Our SS20 collection, Butterfly Cafe, was created in collaboration with Spires, a South London based charity that helps hundreds of homeless and disadvantaged people all year round. The collection focuses on the female only ‘safe space’ where Spires’ female staff and volunteers offer a consistent and long-term approach to each woman who comes to the Spires centre for help. Open to vulnerable, socially isolated women and women engaged with sex work; Spires completes a holistic assessment of need and a care plan for each client.
SS20 was named after the Spires’ Butterfly Café – a weekly run session which offers a safe space and meeting point for vulnerable women to socialise over food and drink and partake in creative activities to learn and develop skills in arts and crafts, jewellery making, knitting and card making. When speaking to the support workers at Spires they told Bethany that the ‘Butterfly Café’ got its name from the transformative effect the sessions were having on the women’s lives – these themes of growth and transformation are reflected in the collection as well as in the show location, the Garden Museum.
Every element of the collection is thoughtfully produced and hand-crafted. Her now signature knitwear uses Wool And The Gang ocean waste plastic yarn and recycled denim yarn knitted by hand by Bethany's Mum, Karen Kewley and Alice Morell Evans.
The SS20 collection introduced tailoring and fitted shapes, with denim throughout. The black and indigo denim used within the collection comes from Chris Carney Collections, a recycling and sorting facility. It was unpicked, washed and reworked, creating the range of black and blue denim printed looks.

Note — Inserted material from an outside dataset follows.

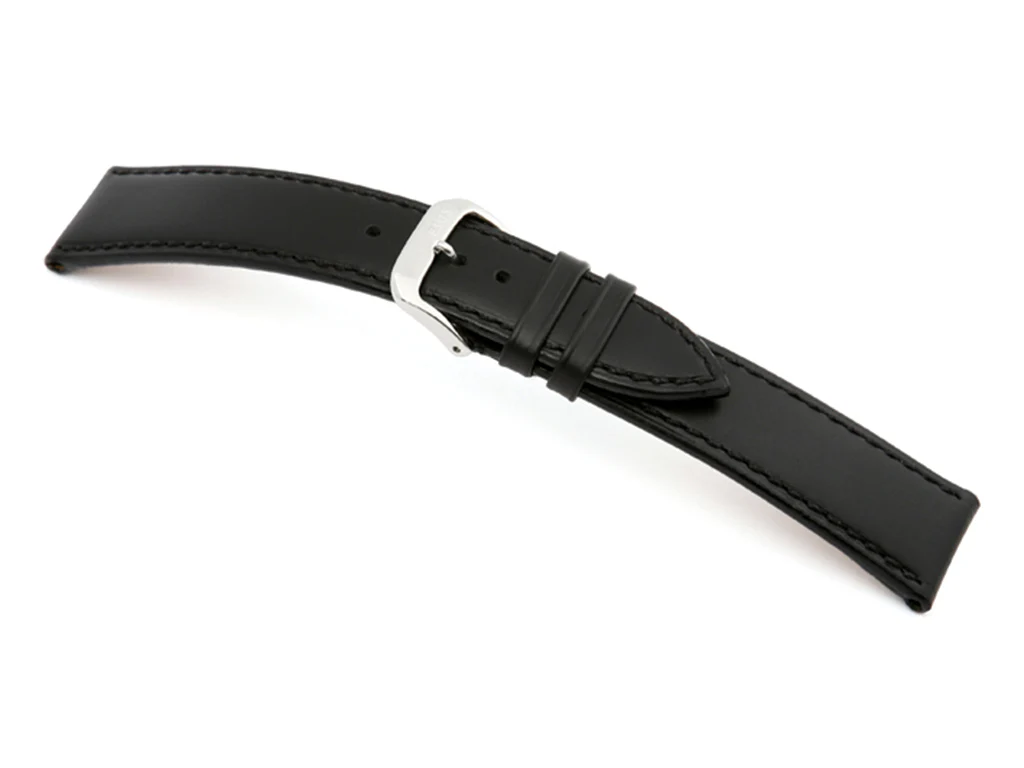Samara - Black - Russian Leather - Image 2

Working in collaboration with illustrator Giorgia Chiarion on the prints for this season. Giorgia visualised what it is that makes the women feel safe and secure, as well as the route of the outreach night bus which works within the community, through her beautifully abstract illustration style.
We continued to work with social projects in the creation of this collection –‘Making for Change,’ a pioneering programme created by the Ministry of Justice and London College of Fashion, UAL at HMP Downview for the jersey production, The Manx Disability Workshop who produce our buttons, and San Patrignano, a drug rehabilitation community in Italy who have woven recycled textiles from tenting. We worked in partnership with Adidas Originals – who supplied footwear from their Home of Classics collection, the all-white Supercourt featured in each look.
As with every Bethany Williams collection, 20% of the proceeds from the collection will go to the charity it was made in collaboration with.
Creative Direction - Bethany Williams
Art Direction and Print Design – Giorgia Chiarion
Stylist – Tallulah Harlech
Casting – 11 Casting
Set Design – Lydia Chan
Hair – Hair by Federico Ghezzi at Saint Luke using Schwarzkopf Professional
Make Up – Makeup By Michelle Webb on behalf of AOFMPro using Dermalogica Knitwear - Karen Kewley and Alice Morell Evans
Footwear – All models wearing the Adidas Originals Supercourt available at www.adidas.co.uk #HomeofClassics
Communication – The Lobby London
Production – Antony Waller
Music Direction – Dean Bryce, featuring the poem ‘Growth’ by Janet Devlin
Shownotes – Frances Corner
Special thanks to – The British Fashion Council, Caroline Rush, Spires, Adidas, London College of Fashion, UAL, San Patrignano, Giorgia Chiarion, Making for Change, Wool and the Gang, Orto Print Studio, TIH Models, The Lobby London, Frances Corner, Orsola DeCastro, Eric Williams, Karen Kewley, Natalie Hodgson.
In the words of Professor Frances Corner OBE, Head of London College of Fashion, UAL and Pro-Vice Chancellor, University of the Arts London...
When Bethany said she wanted to change the system many doubted it was possible; but four collections in and she’s proving that fashion does not have to come at the expense of people and planet. Ever since Bethany graduated from MA Menswear at London College of Fashion, UAL in 2016, she has been unwavering in her desire to create a business based on her values. It’s a brave stance from a young designer about to enter one of the most competitive industries in the world. But Bethany has always been different. Before graduation, her Mum could be found backstage, busy knitting socks and adding the final touches to her collection. For Bethany everything is personal, her beautifully original pieces, rich with hand-crafted detail translate into collections that her customers treasure. Fashion that is meaningful that connects us with humanity; to the people that made the garment, weaved the fabric and carved the buttons. Fashion that encourages social enterprise and gives a percentage of profits back to good causes. This way of working is not easy; to create a business that places sustainability and social responsibility at its core is not without challenges, but as her beautiful new collection, The Butterfly Café demonstrates, she continues to meet these challenges head on.
Bethany’s work brings into sharp focus some of the country’s most difficult problems, from homelessness to domestic abuse, but her work is much more than social commentary. Her ethos is one of collaboration – where social and environmental concerns go hand in hand; she embeds herself within communities from charities to prisons, to provide meaningful employment and create engaging and empowering opportunities to create positive change.